Mary Ruefle: I am happy and honored that the book won an award as a book of essays—to extend one’s audience, how can that be unwanted? Is there a writer alive who seeks to curtail, limit, or shrink their audience? I don’t write with an audience in mind—never!—but when I picture one, as an image in my mind, I guess I see a solitary reader reading a book. A reader who is listening to another reader speak. Audience has that element of “audio” in it, an element of listening. When I say “a reader listening to another reader speak,” I am thinking of writing as “reading one’s own mind,” and just as you don’t know what a book has to say (or unsay) until you read it, so a writer doesn’t know what her mind has to say, or how it feels about a subject, or how it thinks about the world, until she reads her mind by writing… To tell the truth, I am a little tired of the genre wars, more than a little. Lines between genres have been breaking down for at least half a century, and though I understand an older person being baffled and uncertain (perhaps the world is falling apart?) it surprises me when young people, who were basically born into the postmodern world (which I wasn’t), keep asking questions; I would think they would take the slippage between genres for granted. On the other hand, they are often in writing programs, where discussion must take place, or else the classroom would fall apart! Guess what? The world is falling apart! But it has been doing so for thousands of years, and will continue to do so for as long as it lasts. Everything falls apart—rocks, coastlines, nations, bodies, beliefs, marriages, language, books. I can’t read Old English. One day present-day English will be an object of arcane study. But falling apart is part of growth, things evolve by disintegrating and recombining in new ways. Things today change so fast that the world you were born into will not be the one you die in. My generation already knows this; one day yours will experience the same thing.

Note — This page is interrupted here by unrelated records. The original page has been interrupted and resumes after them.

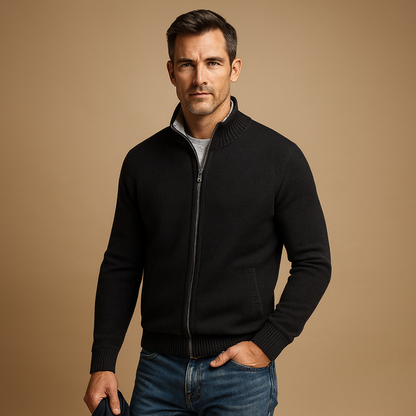 Herren Pullover Reißverschluss V-Ausschnitt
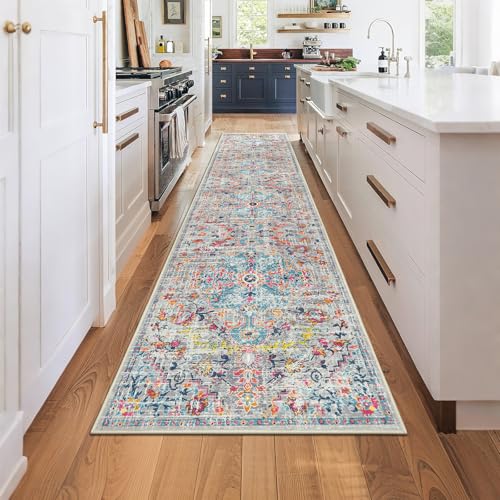 Pauwer Boho Hallway Runner Rug 2'6'' x 12' Washable Entryway Area Rugs Non Slip Farmhouse Vintage Floor Mat Long Carpet Runner for Hallways Laundry Room Kitchen Bathroom Bedroom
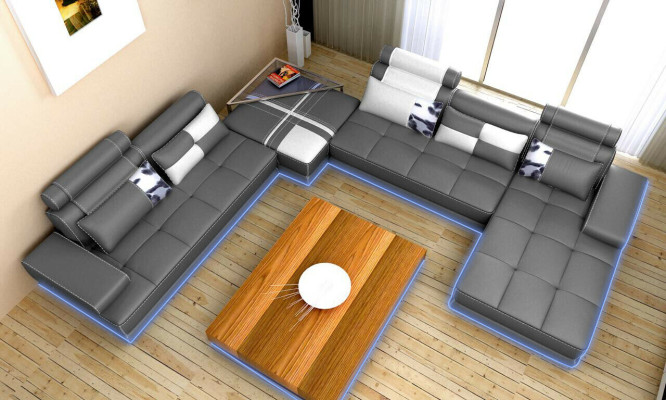 XXL sofá esquinero de diseñador en forma de U, tapizado, conjunto de esquina.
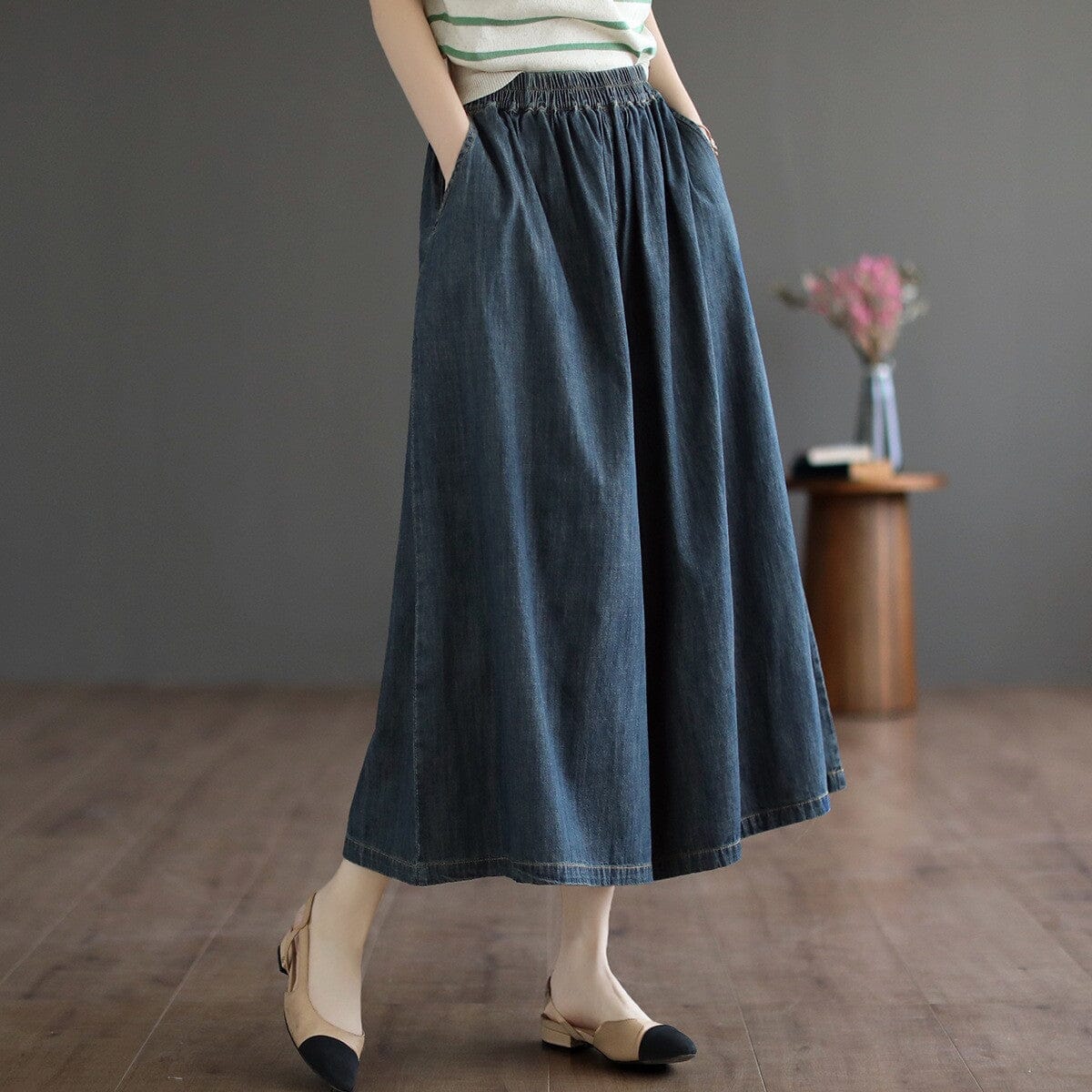 Spring Retro Loose Casual Solid Denim Wide Leg Jeans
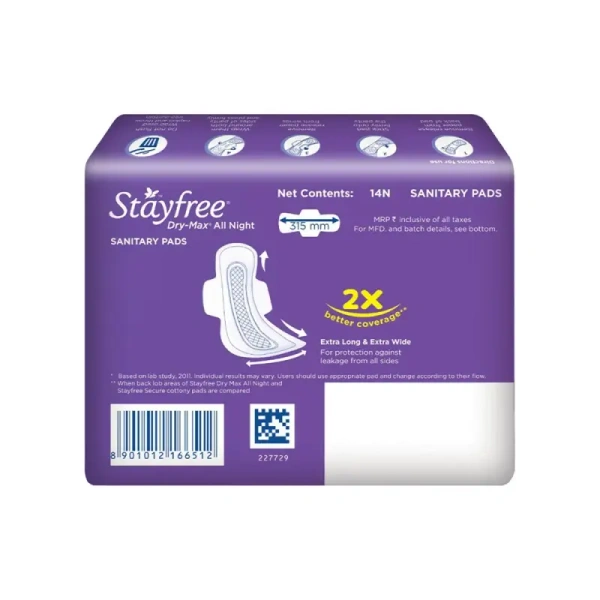Stayfree Dry Max All Night Sanitary Pads (Extra Large Wings) - (XL, 14 Pieces) - 14 Pieces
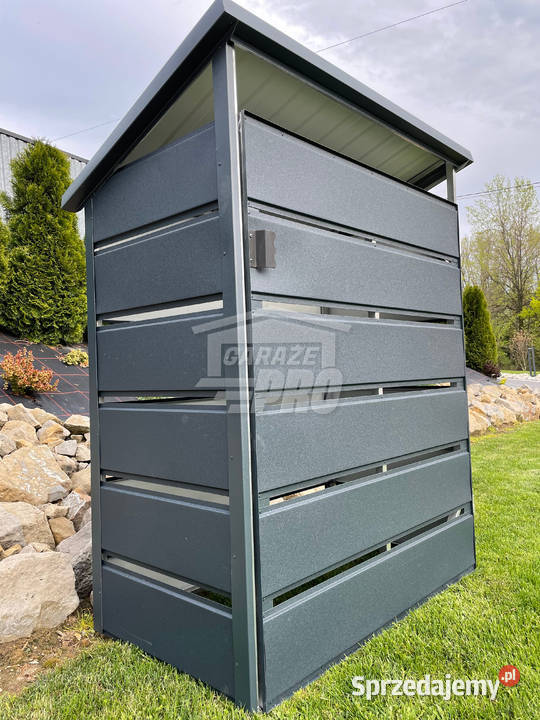 Wiata śmietnikowa 1x05m antracyt Schowek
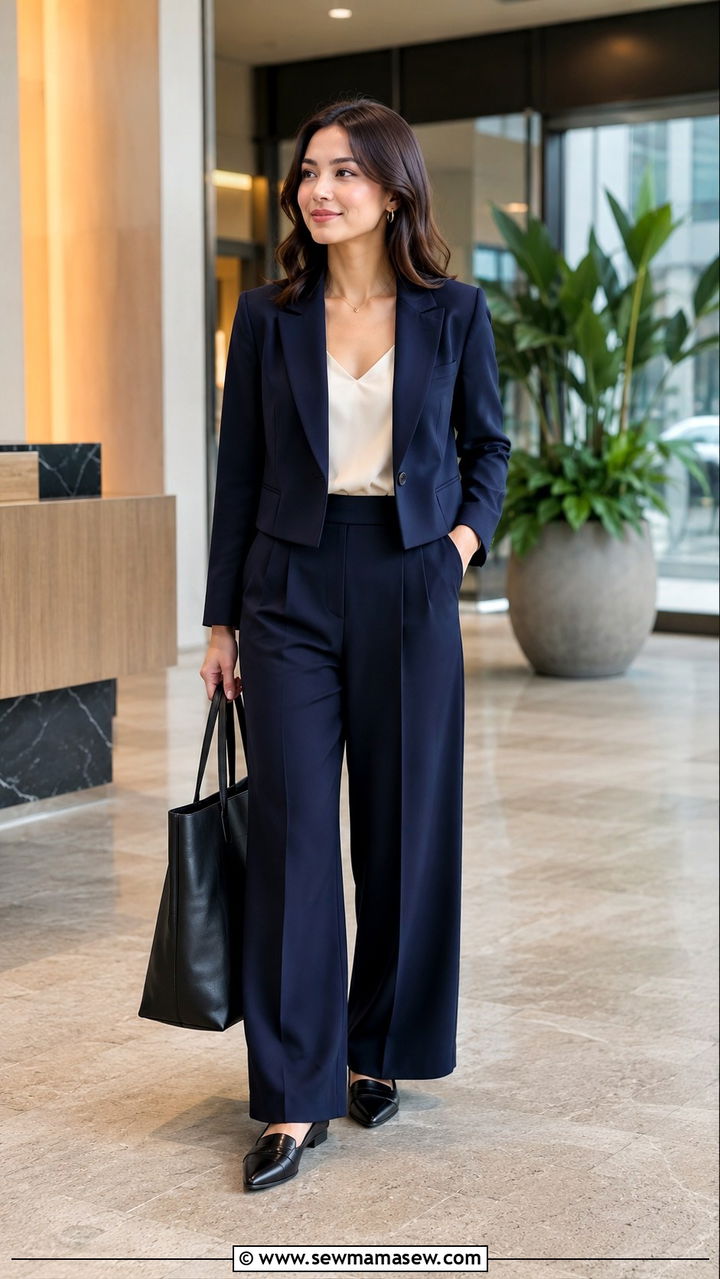 Blazer and Wide Leg Trousers with Loafers - 30 Travel outfits for petite women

JW: In sending your work to literary journals, how do you conceive of it?
MR: The question is actually how do they conceive of it, because they have the last word. Most of my work is conceived by them as poetry. Even though I know it’s not. For instance, I also happen to like writing lists, mere lists, and these are always published as poetry even though I prefer the term ‘list’. But who am I to say, or care? I am the host and the reader is the guest; should I care if the guest called it dinner or a party or just hanging out? I do what I can to provide clues as to what the event is, but all that really matters is being alive in a way that was not unpleasant. But beware, there are always dinner parties that turn into nightmares!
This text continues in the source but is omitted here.